Para José Domingos, 53 anos, é esse o segredo para manter uma mercearia de sucesso: “Simpatia, fruta boa, pão bom [ou farinha, se a clientela decide começar toda a experimentar fazer em casa], charcutaria boa, com [enchidos] de Monchique e aquelas coisas [da região] que os outros não têm.

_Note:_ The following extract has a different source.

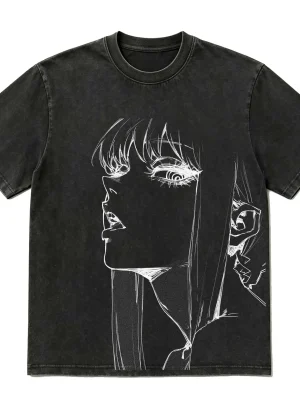 Chainsaw Man Makima Sketch Print Streetwear - 300g Heavyweight Acid Wash Vintage T-Shirt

E dedicação: estar aqui sempre em cima do acontecimento para não faltar nada, sempre tudo fresquinho, isso é o principal deste negócio.”
O estacionamento fácil à porta “também ajuda” e os preços de alguns produtos, mais baixos do que nas grandes superfícies nuns casos, noutros inalterados “há anos”, contribuem para manter a clientela mais fiel. Depois, há o trato pessoal. Com a gente da terra, que muitas vezes tem excedentes nas hortas caseiras e vem vender à mercearia. “Em vez de jogarem fora, trazem e eu ajudo.” E com o cliente, que pede com antecedência para guardar o pão quente, que pergunta por um produto que Domingos não tem e faz por encontrar em pouco tempo, ou que pede para levar as compras a casa. “Faço tudo para satisfazer o cliente, por isso é que estou aqui há quase 25 anos.”
A 1 de Abril, o minimercado celebra um quarto de século nas mãos de Domingos, mas o espaço já deverá existir desde a construção do prédio, nos anos de 1980. Nessa altura, e até à remodelação da loja em 2005, a mercearia “era uma coisinha pequenina”, porque os antigos proprietários “viviam aqui”. No pequeno escritório onde nos encontramos, nos fundos da loja, “era um quarto”. “Aqui [ao lado], a cozinha. Ali a casa de banho e, naquela parte, outro quarto”, aponta. Agora, além do minúsculo escritório e de um pequeno armazém, tudo é minimercado: cerca de 100m2 com três corredores lotados de produtos, secção de frescos e de congelados, charcutaria, padaria, mercearia, garrafeira, entre outros.
José Domingos tinha 28 anos quando ficou com o espaço. “Comecei aos 13 anos a trabalhar num restaurante e foi até ir para a tropa”, recorda. Quando voltou, ainda lhe ofereceram o emprego de volta, mas José “estava farto daquilo”, confessa. “Era uma escravidão”, com dias que chegavam facilmente às 14 horas de trabalho. Preferiu ajudar o sogro no supermercado que tinha na Salema (no concelho vizinho de Vila do Bispo). Ainda passou por uma pastelaria e pela área da distribuição até comprar o minimercado.
“Na altura, de superfícies grandes em Lagos, só existia o Alvorada, onde é hoje o Pingo Doce”, recorda. “Por azar, abriu logo o Lidl passado uns dois meses.” Entretanto, chegaram à cidade quase todas as grandes marcas de hipermercados, muitos espaços de média dimensão faliram, as mercearias começaram a decair, mas o Minimercado Familiar continuou “sempre a trabalhar bem”.
Mas “é uma vida muito complicada”, confessa. Em quase 25 anos, tirou umas “cinco semanas de férias” com a família. Às vezes, mete uma folga para ir à pesca. Em 2017, fez parte da equipa campeã nacional de pesca grossa. No escritório, entre dossiers e facturas, acumulam-se troféus desportivos, a maioria ganhos no mar. Naquela fotografia, José e um safio com 35kg. Ali, um pargo com 15kg faz capa de uma revista. “Uma vez, apanhei um cherne com 68kg. As ovas pesavam 9kg”, recorda.
“Quando me meto numa coisa é com dedicação”, dizia há pouco a propósito do minimercado. Mas “não é fácil”. “As minhas filhas cresceram e eu só as via à noite um bocadinho”, recorda. Por isso, lá vai dizendo: “Já lhes dei os cursos. Estão formadas, criadas. Agora vou tentar ver se descanso, um dia destes”.